=== Begin Enclosure ===
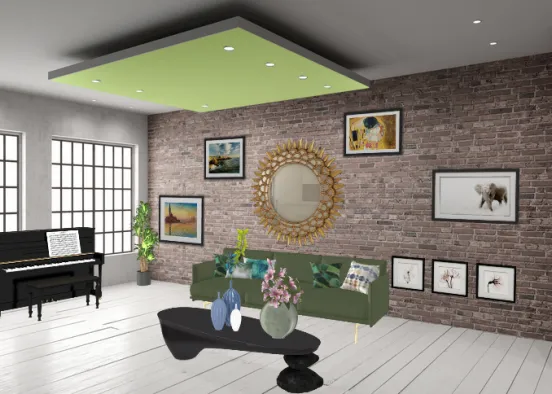 Plant 🌿 living room  Design Rendering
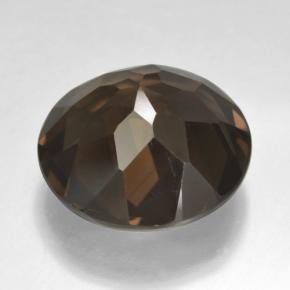 Smoky Quartz Gemstone in 15.6 mm Size for Sale, Smoky Quartz Stone in Dark Brown Color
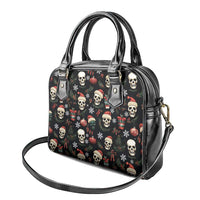 Skull Face Christmas Shoulder Handbag Xmas Holiday Patterns - Wonder Print Shop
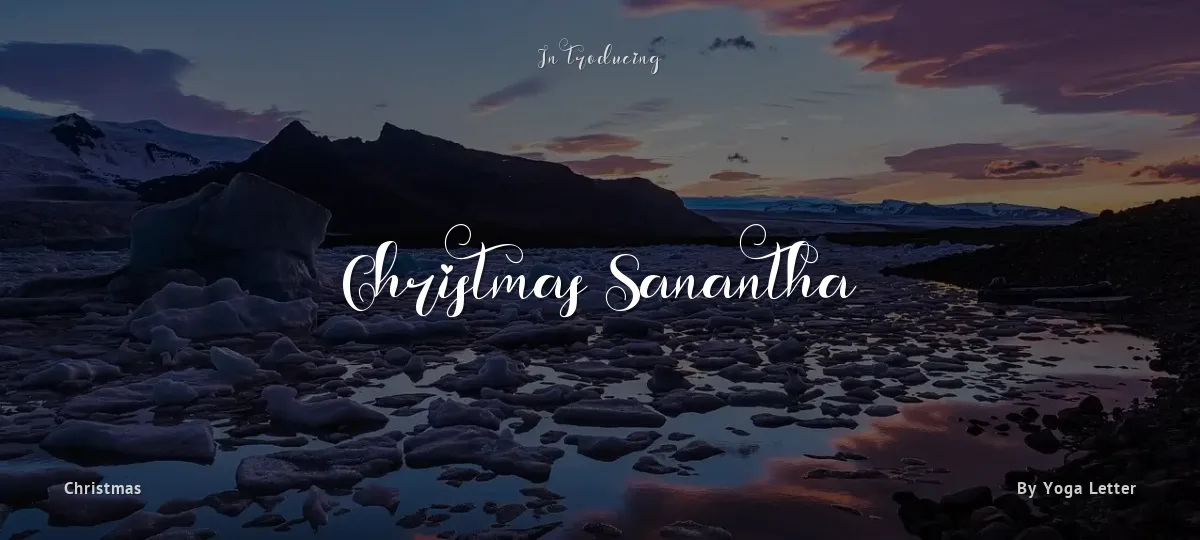 Christmas Sanantha font preview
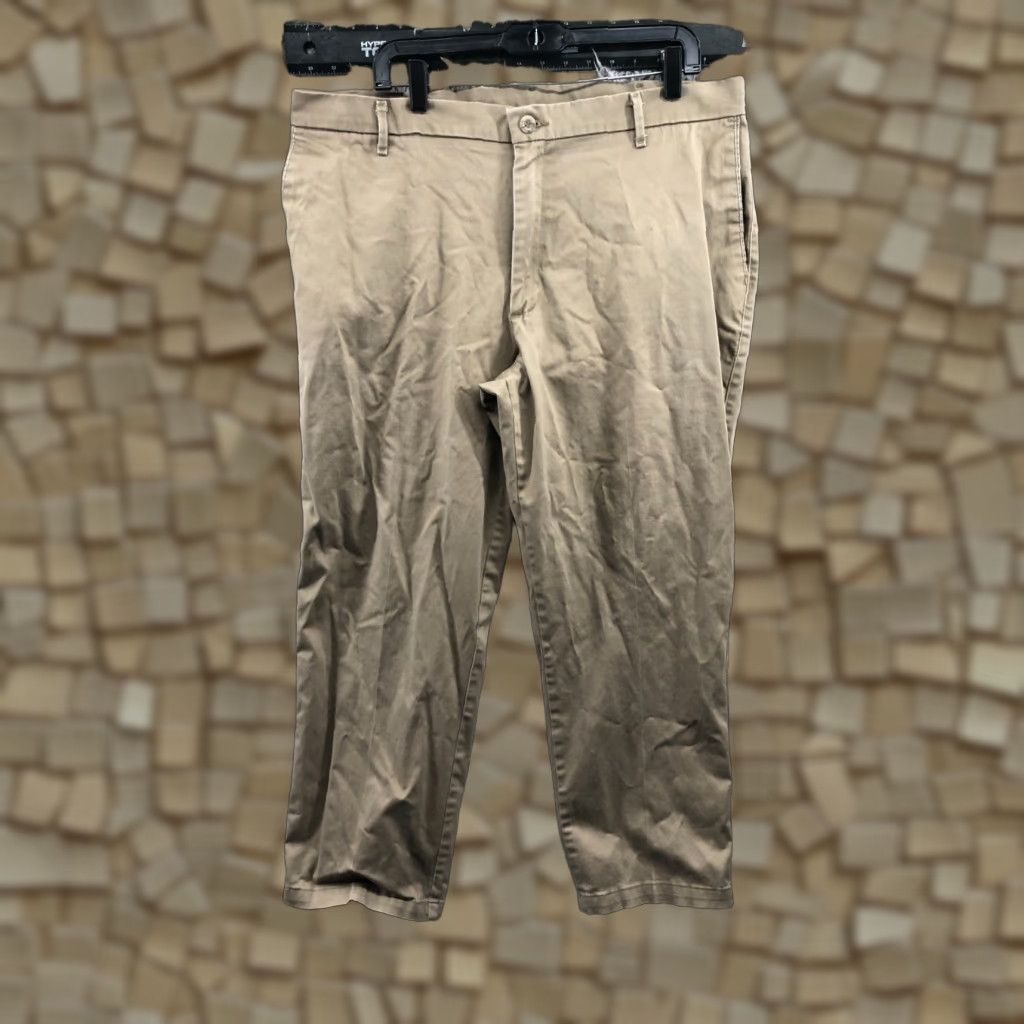 Vintage Unbranded Khaki Pants 40x29 Mens Regular Beige 5-Pocket Belt Loops Cotton Blend Jeans Style Modern American Classic N/A Size US 40 / EU 56 - 1 Thumbnail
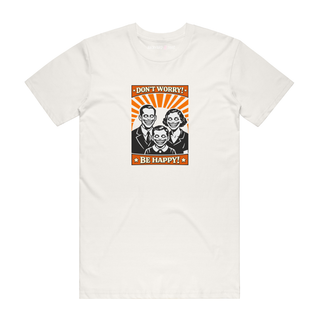 Don't Worry Be Happy (Smile) - Halloween T-Shirt - Natural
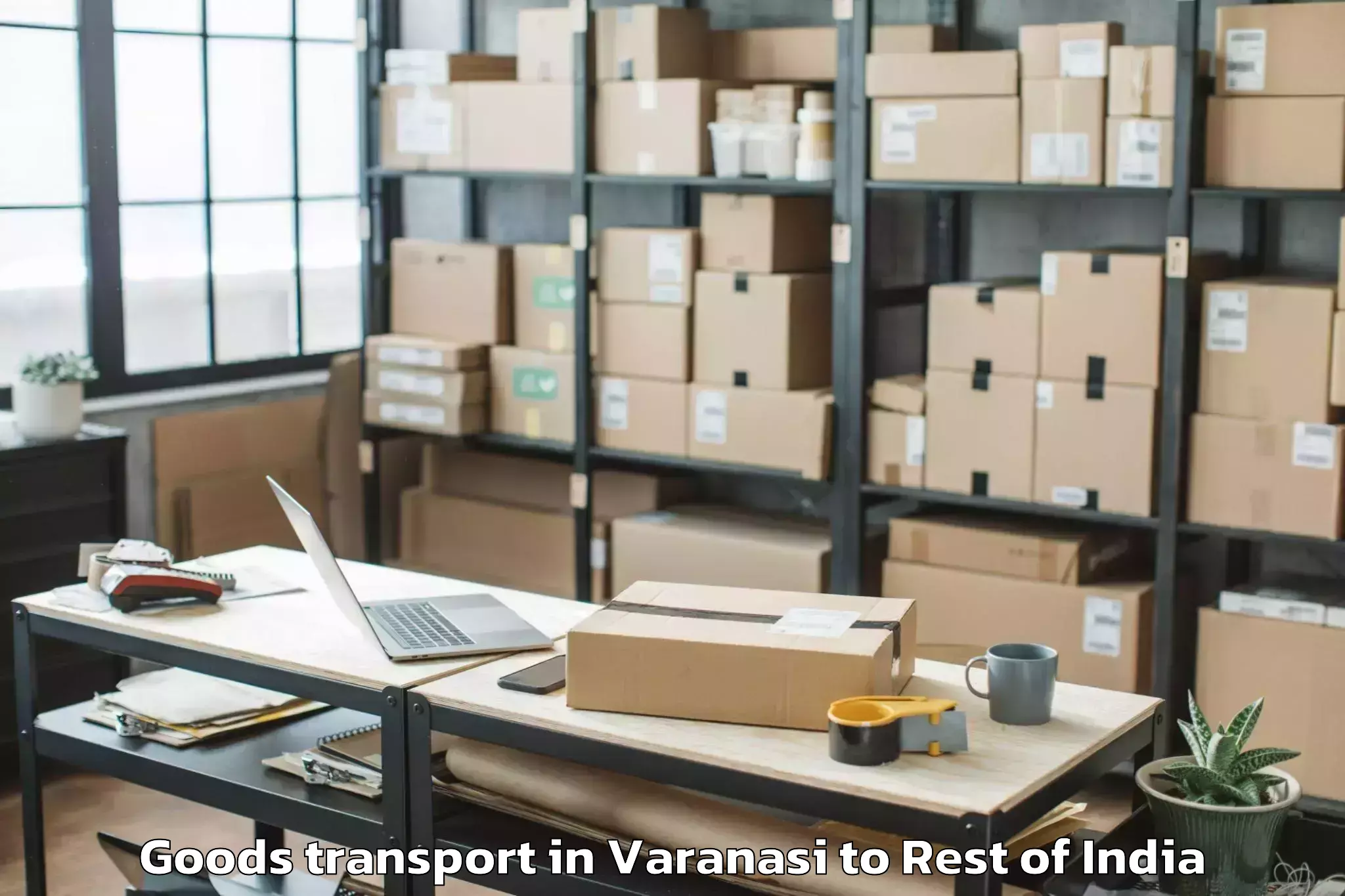 Book Varanasi to Cherla Z Goods Transport Online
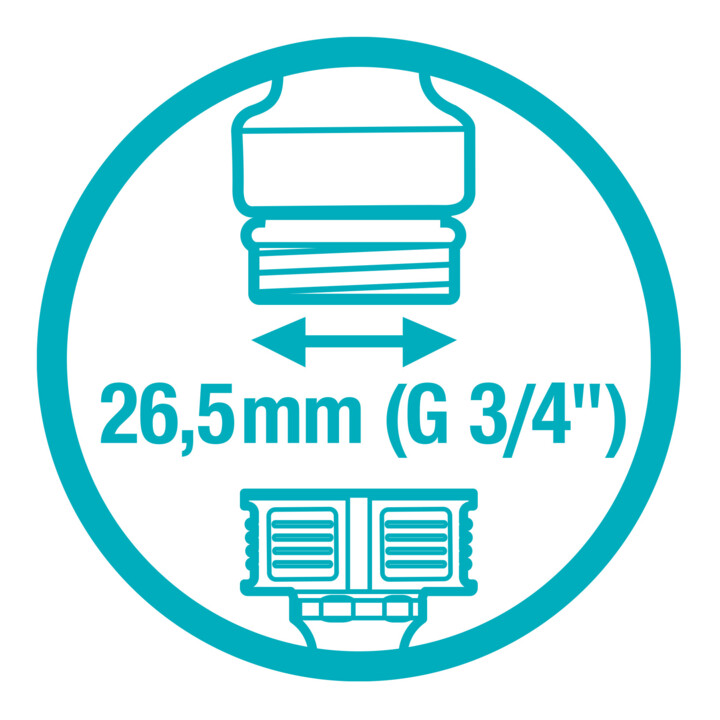 Gardena Hahnverbinder 26,5mm (G 3/4")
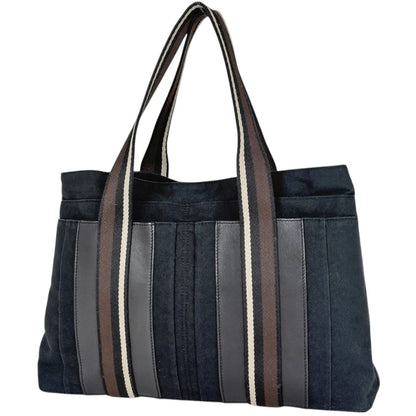 Hermes Troca Horizontal MM Tote Bag Canvas Black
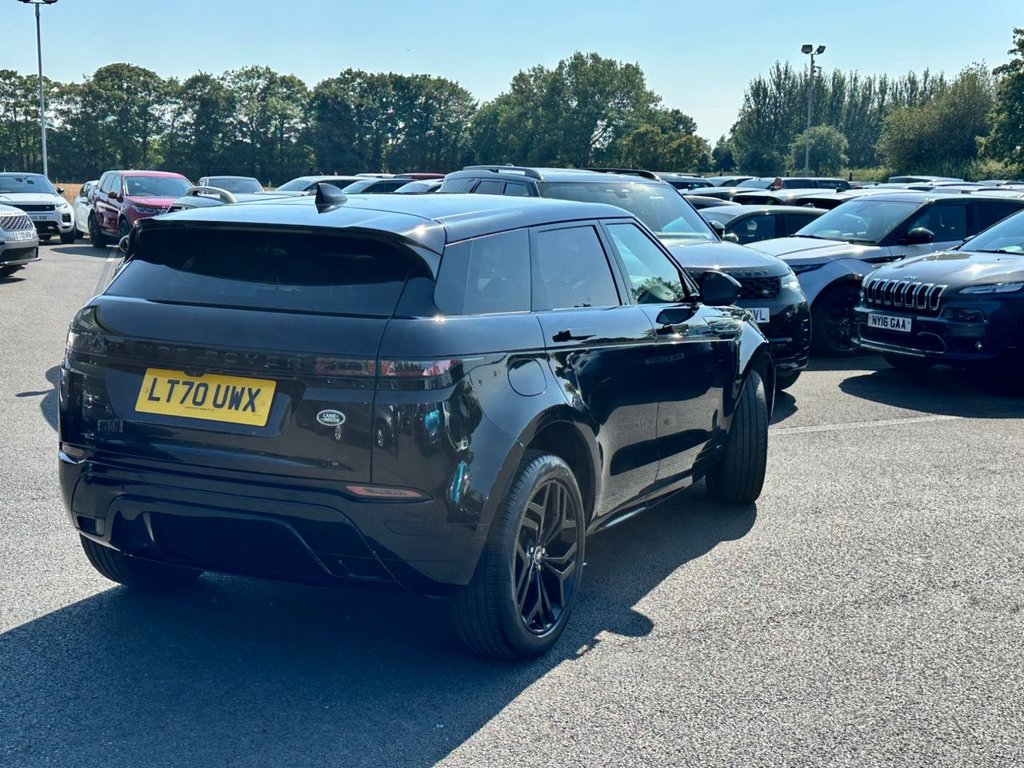 USED 2020 70 LAND ROVER RANGE ROVER EVOQUE 2.0 D180 MHEV R-Dynamic SE SUV 5dr Diesel Auto 4WD Euro 6 (s/s) (180 ps) 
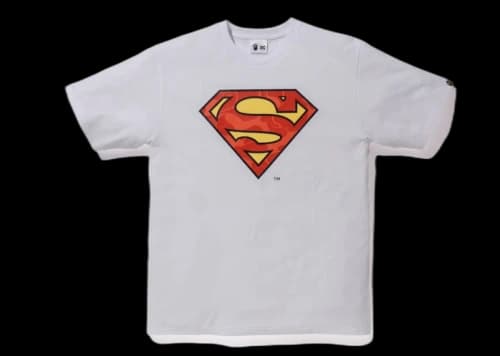 BAPE x DC Superman Tee White
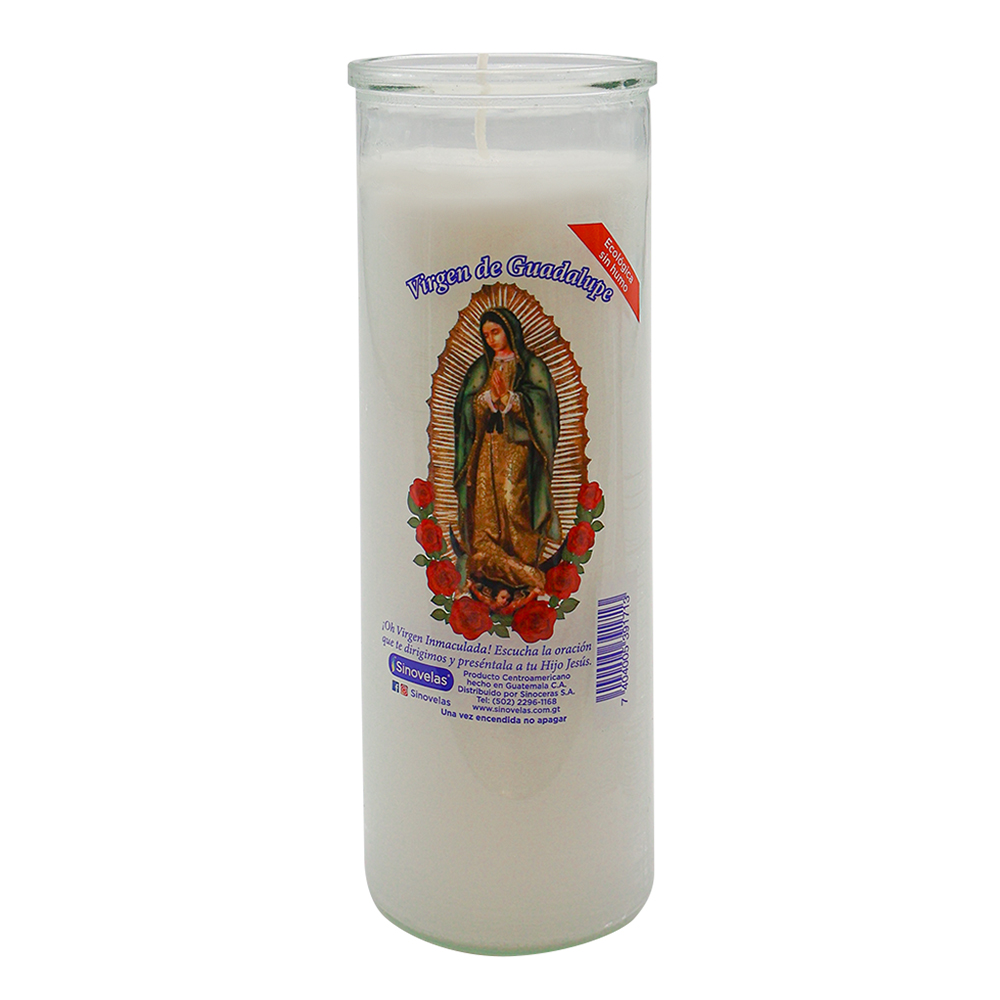 Veladora Vitro 077 Virgen de Guadalupe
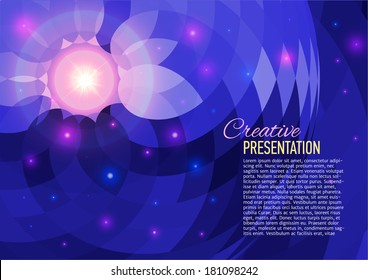 Abstract background with flare for business presentation. Vector illustration.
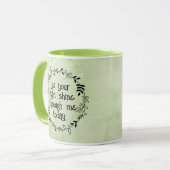 モーニング祈りの言葉コーヒーマグ マグカップ (正面左)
=== End Enclosure ===
▶ WHAT YOU SHOULD DO:
Skipping any images, write out all the data exactly.

▶ REPLY:
 Plant 🌿 living room  Design Rendering
 Smoky Quartz Gemstone in 15.6 mm Size for Sale, Smoky Quartz Stone in Dark Brown Color
 Skull Face Christmas Shoulder Handbag Xmas Holiday Patterns - Wonder Print Shop
 Christmas Sanantha font preview
 Vintage Unbranded Khaki Pants 40x29 Mens Regular Beige 5-Pocket Belt Loops Cotton Blend Jeans Style Modern American Classic N/A Size US 40 / EU 56 - 1 Thumbnail
 Don't Worry Be Happy (Smile) - Halloween T-Shirt - Natural
 Book Varanasi to Cherla Z Goods Transport Online
 Gardena Hahnverbinder 26,5mm (G 3/4")
 Hermes Troca Horizontal MM Tote Bag Canvas Black
 USED 2020 70 LAND ROVER RANGE ROVER EVOQUE 2.0 D180 MHEV R-Dynamic SE SUV 5dr Diesel Auto 4WD Euro 6 (s/s) (180 ps) 
 BAPE x DC Superman Tee White
 Veladora Vitro 077 Virgen de Guadalupe
 Abstract background with flare for business presentation. Vector illustration.
 モーニング祈りの言葉コーヒーマグ マグカップ (正面左)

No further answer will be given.